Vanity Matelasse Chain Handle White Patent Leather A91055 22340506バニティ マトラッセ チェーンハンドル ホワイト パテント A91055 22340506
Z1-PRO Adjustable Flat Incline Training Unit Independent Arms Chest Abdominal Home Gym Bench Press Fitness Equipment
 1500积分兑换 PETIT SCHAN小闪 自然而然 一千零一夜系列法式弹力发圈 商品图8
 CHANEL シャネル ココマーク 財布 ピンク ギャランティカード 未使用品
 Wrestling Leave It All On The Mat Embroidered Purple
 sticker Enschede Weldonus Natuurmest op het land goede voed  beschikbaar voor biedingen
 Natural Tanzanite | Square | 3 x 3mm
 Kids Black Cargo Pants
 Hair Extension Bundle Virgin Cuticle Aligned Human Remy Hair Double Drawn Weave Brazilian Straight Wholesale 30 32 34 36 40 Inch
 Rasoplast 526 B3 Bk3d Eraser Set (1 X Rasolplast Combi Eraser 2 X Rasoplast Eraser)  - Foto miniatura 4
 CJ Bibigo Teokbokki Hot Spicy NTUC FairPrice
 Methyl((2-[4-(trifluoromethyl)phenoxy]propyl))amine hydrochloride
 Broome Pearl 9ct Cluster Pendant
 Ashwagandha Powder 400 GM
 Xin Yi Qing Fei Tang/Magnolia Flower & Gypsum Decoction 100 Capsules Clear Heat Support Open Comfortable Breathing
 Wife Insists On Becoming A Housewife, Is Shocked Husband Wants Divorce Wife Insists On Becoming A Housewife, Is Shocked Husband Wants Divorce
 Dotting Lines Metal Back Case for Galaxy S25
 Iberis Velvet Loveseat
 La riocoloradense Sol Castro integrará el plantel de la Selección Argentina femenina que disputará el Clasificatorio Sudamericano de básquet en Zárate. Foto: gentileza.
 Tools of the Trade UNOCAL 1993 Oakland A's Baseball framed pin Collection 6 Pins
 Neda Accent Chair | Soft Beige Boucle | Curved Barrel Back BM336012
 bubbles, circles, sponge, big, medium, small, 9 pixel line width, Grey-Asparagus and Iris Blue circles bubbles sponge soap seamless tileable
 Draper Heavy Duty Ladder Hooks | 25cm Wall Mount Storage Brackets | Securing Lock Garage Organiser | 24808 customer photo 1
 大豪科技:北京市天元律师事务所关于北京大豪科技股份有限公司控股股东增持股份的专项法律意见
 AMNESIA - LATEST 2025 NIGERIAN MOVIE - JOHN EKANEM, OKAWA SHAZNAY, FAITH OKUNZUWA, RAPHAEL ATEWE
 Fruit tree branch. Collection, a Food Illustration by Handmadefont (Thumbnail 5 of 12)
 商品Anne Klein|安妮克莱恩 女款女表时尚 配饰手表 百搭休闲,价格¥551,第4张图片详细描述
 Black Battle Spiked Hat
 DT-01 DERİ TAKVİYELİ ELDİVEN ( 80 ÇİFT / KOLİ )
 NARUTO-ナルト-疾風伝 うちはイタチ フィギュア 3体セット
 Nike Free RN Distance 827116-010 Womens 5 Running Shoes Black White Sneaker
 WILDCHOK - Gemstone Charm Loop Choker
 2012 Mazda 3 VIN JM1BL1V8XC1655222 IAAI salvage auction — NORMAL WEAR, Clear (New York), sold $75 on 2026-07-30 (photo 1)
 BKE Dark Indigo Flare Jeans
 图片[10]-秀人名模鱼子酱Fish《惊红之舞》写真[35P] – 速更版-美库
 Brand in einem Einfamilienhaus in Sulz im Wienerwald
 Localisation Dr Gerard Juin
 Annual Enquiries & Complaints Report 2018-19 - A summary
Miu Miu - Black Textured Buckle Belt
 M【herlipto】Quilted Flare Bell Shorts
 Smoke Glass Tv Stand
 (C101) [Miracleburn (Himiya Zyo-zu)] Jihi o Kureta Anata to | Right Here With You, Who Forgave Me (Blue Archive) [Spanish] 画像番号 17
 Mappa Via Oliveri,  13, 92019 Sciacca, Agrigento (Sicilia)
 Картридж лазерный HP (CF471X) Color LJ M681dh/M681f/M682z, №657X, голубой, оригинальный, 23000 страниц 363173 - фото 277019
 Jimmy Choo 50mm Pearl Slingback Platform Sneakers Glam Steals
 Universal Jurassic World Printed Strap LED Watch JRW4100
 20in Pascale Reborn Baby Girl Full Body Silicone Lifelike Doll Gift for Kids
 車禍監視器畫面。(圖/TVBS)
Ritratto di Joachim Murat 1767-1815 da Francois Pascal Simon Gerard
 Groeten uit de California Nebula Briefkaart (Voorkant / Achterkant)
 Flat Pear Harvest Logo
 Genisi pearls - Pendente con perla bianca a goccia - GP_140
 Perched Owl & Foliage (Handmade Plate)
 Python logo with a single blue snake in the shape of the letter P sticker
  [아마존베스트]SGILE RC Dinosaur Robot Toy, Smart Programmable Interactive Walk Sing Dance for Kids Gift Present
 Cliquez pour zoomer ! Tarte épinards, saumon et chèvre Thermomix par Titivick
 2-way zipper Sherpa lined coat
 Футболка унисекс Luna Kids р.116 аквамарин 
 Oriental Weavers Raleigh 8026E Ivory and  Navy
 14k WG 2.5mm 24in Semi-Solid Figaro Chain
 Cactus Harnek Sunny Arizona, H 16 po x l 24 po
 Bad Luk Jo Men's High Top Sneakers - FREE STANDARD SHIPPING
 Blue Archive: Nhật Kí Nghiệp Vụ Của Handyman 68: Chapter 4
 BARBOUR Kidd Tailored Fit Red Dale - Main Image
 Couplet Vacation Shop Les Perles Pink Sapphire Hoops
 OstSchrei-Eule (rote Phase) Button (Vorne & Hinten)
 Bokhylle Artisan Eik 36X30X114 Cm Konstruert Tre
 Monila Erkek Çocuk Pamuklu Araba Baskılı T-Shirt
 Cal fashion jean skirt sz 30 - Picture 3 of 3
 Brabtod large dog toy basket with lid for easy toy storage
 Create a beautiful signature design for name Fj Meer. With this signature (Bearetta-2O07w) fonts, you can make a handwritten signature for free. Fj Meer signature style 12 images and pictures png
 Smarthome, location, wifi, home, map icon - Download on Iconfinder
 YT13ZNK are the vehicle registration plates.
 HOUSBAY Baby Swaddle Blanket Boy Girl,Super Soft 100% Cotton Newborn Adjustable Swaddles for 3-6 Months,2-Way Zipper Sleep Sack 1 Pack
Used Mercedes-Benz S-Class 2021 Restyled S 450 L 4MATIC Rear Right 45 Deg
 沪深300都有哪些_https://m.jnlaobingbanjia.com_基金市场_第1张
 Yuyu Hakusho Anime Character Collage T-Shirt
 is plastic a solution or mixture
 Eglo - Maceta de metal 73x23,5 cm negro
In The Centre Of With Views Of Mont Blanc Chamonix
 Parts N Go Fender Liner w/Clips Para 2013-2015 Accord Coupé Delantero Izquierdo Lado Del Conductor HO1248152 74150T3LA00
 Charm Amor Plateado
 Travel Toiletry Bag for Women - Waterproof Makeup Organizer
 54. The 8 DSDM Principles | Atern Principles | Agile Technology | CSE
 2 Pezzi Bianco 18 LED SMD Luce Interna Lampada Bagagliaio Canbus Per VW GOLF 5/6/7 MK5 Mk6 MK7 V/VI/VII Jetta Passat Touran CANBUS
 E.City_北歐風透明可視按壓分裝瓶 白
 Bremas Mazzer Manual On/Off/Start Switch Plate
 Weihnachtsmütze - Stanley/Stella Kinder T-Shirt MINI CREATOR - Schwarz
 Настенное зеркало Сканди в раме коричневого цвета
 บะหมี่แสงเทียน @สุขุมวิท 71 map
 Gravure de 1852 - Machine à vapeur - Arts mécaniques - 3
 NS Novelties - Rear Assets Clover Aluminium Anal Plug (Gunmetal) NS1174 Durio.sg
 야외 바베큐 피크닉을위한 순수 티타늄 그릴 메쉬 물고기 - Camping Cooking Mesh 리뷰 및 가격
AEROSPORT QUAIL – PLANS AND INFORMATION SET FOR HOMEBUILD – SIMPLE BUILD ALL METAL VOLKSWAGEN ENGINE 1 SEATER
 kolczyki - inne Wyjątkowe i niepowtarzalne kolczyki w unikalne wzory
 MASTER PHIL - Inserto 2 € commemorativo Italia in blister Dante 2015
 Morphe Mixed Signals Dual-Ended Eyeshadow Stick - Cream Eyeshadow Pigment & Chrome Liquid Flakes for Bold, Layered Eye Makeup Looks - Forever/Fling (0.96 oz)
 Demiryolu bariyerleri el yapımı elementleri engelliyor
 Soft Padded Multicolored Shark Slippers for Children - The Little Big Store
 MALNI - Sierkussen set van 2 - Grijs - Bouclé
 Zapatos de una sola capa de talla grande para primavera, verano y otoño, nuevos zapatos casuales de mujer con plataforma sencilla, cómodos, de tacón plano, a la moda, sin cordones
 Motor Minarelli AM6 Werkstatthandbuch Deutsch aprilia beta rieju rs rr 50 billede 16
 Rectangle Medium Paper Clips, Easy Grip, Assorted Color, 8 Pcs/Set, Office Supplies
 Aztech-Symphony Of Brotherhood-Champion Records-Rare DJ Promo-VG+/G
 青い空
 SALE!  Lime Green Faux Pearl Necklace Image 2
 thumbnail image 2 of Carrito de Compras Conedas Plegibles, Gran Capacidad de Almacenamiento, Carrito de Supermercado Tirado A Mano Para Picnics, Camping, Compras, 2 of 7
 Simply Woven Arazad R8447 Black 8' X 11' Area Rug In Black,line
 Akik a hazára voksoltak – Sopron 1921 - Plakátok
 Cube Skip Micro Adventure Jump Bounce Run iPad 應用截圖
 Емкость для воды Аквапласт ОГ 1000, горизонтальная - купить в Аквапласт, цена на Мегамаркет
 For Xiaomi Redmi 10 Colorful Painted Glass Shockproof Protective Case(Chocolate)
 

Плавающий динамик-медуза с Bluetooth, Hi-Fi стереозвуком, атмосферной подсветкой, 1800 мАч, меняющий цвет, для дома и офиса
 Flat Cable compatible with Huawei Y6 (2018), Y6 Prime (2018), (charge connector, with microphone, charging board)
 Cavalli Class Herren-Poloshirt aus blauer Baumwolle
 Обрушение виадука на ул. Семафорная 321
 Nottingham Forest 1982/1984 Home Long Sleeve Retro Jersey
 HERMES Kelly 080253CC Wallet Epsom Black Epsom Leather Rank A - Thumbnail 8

WHAT TO WORK ON -
Each line from the top of the entries above through the line containing "Broome Pearl 9ct Cluster Pendant" must be transcribed exactly, and no other line may appear.

ANSWER BOX -
Vanity Matelasse Chain Handle White Patent Leather A91055 22340506バニティ マトラッセ チェーンハンドル ホワイト パテント A91055 22340506
Z1-PRO Adjustable Flat Incline Training Unit Independent Arms Chest Abdominal Home Gym Bench Press Fitness Equipment
 1500积分兑换 PETIT SCHAN小闪 自然而然 一千零一夜系列法式弹力发圈 商品图8
 CHANEL シャネル ココマーク 財布 ピンク ギャランティカード 未使用品
 Wrestling Leave It All On The Mat Embroidered Purple
 sticker Enschede Weldonus Natuurmest op het land goede voed  beschikbaar voor biedingen
 Natural Tanzanite | Square | 3 x 3mm
 Kids Black Cargo Pants
 Hair Extension Bundle Virgin Cuticle Aligned Human Remy Hair Double Drawn Weave Brazilian Straight Wholesale 30 32 34 36 40 Inch
 Rasoplast 526 B3 Bk3d Eraser Set (1 X Rasolplast Combi Eraser 2 X Rasoplast Eraser)  - Foto miniatura 4
 CJ Bibigo Teokbokki Hot Spicy NTUC FairPrice
 Methyl((2-[4-(trifluoromethyl)phenoxy]propyl))amine hydrochloride
 Broome Pearl 9ct Cluster Pendant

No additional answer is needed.